Now MS said they have implemented likely/unlikely attributes
But in fact there isn't any different between using "likely" or not using.
I have compiled these codes and is produce same result.
int main()
{
int i = rand() % 2;
if (i) [[likely]]
{
printf("Hello World!\n");
}
else
{
printf("Hello World2%d!\n",i);
}
}
int main()
{
int i = rand() % 2;
if (i)
{
printf("Hello World!\n");
}
else [[likely]]
{
printf("Hello World2%d!\n",i);
}
}
int pdb._main (int argc, char **argv, char **envp);
0x00401040 push ebp
0x00401041 mov ebp, esp
0x00401043 push ecx
0x00401044 call dword [rand] ; pdb.__imp__rand
; 0x4020c4
0x0040104a and eax, 0x80000001
0x0040104f jns 0x401058
0x00401051 dec eax
0x00401052 or eax, 0xfffffffe ; 4294967294
0x00401055 add eax, 1
0x00401058 je 0x40106d
0x0040105a push str.Hello_World ; pdb.___C__0O_NFOCKKMG_Hello_5World__CB_6
; 0x402108 ; const char *format
0x0040105f call pdb._printf ; int printf(const char *format)
0x00401064 add esp, 4
0x00401067 xor eax, eax
0x00401069 mov esp, ebp
0x0040106b pop ebp
0x0040106c ret
0x0040106d push 0
0x0040106f push str.Hello_World2_d ; pdb.___C__0BB_DODJFBPJ_Hello_5World2__CFd__CB_6
; 0x402118 ; const char *format
0x00401074 call pdb._printf ; int printf(const char *format)
0x00401079 add esp, 8
0x0040107c xor eax, eax
0x0040107e mov esp, ebp
0x00401080 pop ebp
0x00401081 ret
As the question is old, the answers saying there's no [[likely]] / [[unlikely]] in MSVC, or that there's no impact are obsolete.

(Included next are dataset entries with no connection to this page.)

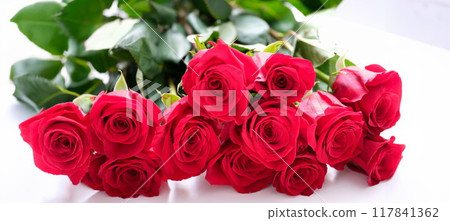 Many buds of red roses on a white background, wallpaper 117841362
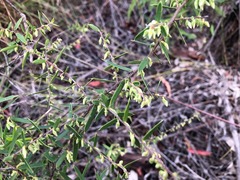 Styphelia biflora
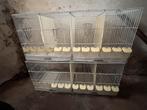 Draadkooi-broedkooi-kweekkooi, Dieren en Toebehoren, Ophalen of Verzenden, Zo goed als nieuw, Broedkooi of Kweekkooi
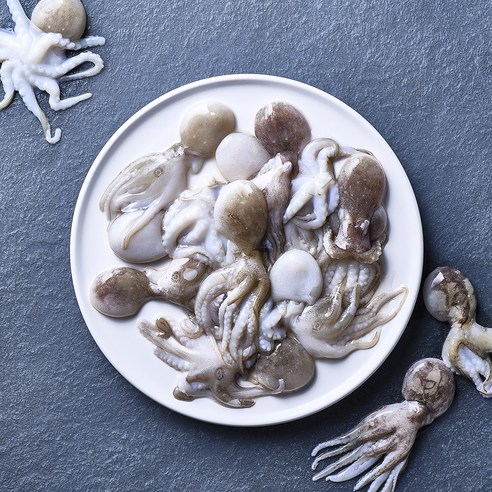 냉동실에 쟁여두고 언제든 맛있는 바이오션 주꾸미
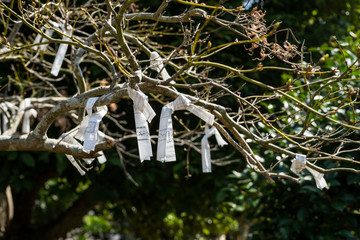 枝に結ばれたおみくじ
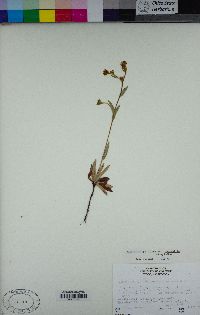 Plagiobothrys fulvus var. campestris image
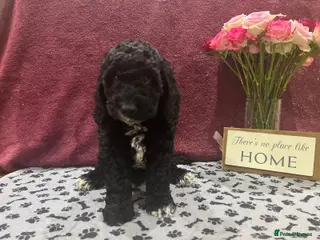 Cockapoo dogs Beautiful cockapoo puppies! - Advert 1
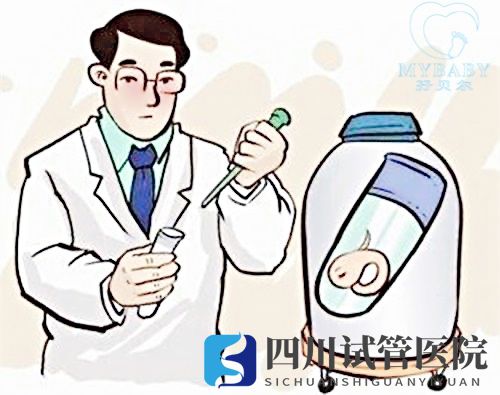 做试管婴儿医保可以报销吗试管婴儿费用主要有哪些(图1)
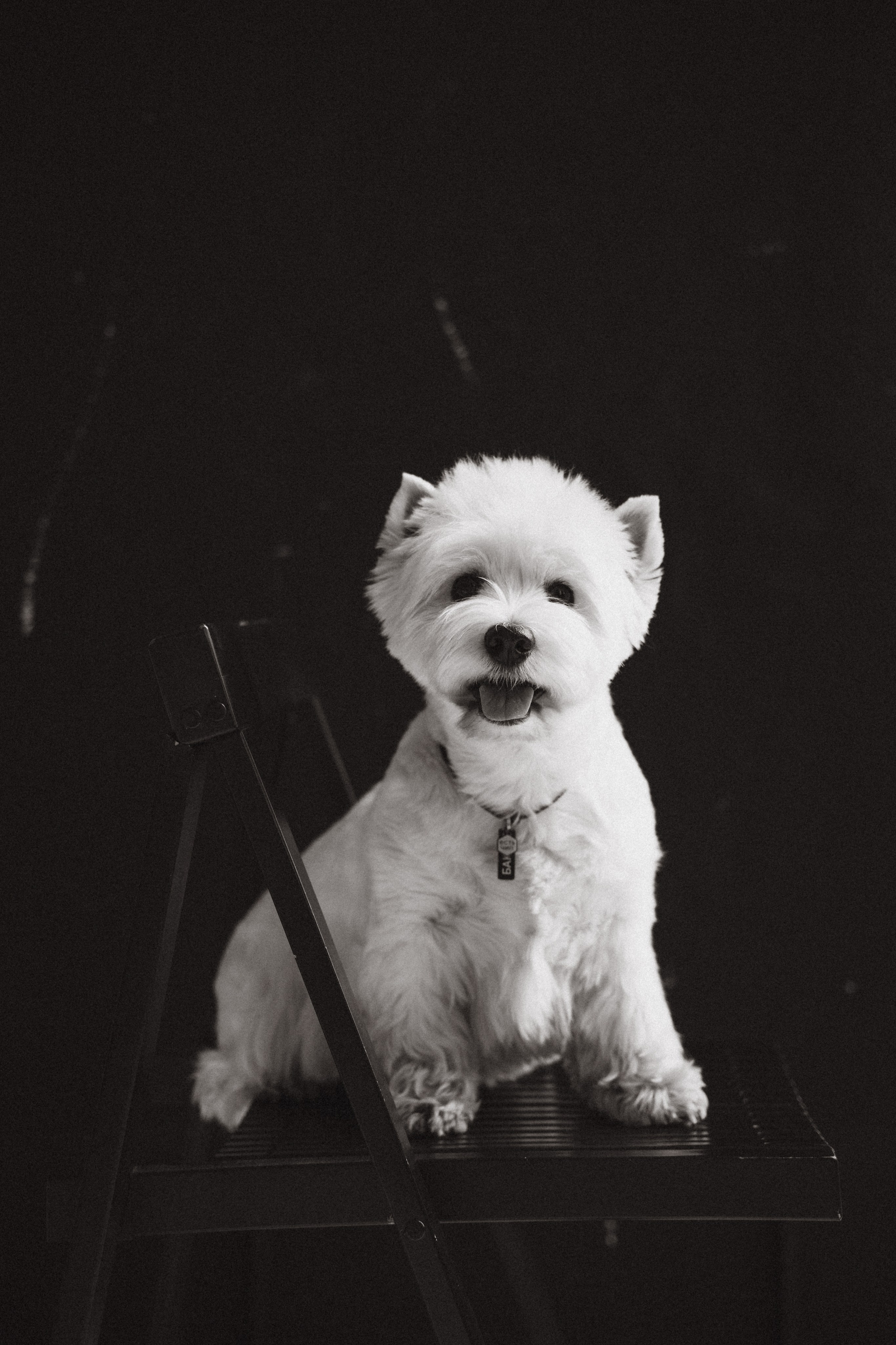 Вера и Бакс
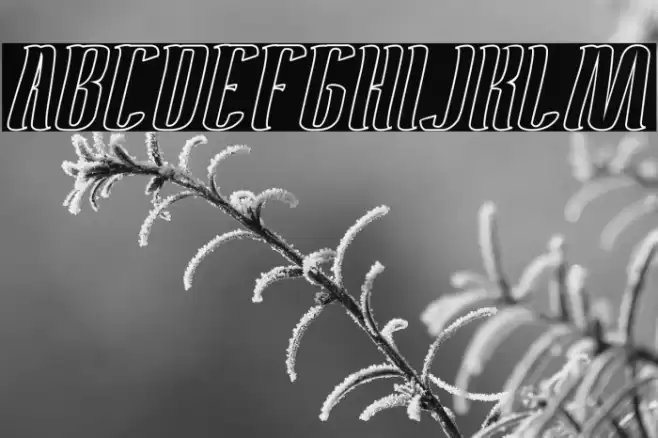 Antelope Run-Hollow Font examples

Latest MSVC supports [[likely]] / [[unlikely]] in /std:c++20 and /std:c++latest modes.
See demo on Godbolt's compiler explorer that shows the difference.
As can be seen from the link above, one visible effect on x86/x64 for if-else statement is that the conditional jump forward will be for unlikely branch. Before C++20 and supporting VS version the same could be achieved by placing the likely branch into if part, and the unlikely branch into else part, negating the condition as needed.
Note that the effect of such optimization is minimal. For frequently called code in a tight loop, the dynamic branch prediction would do the right thing anyway.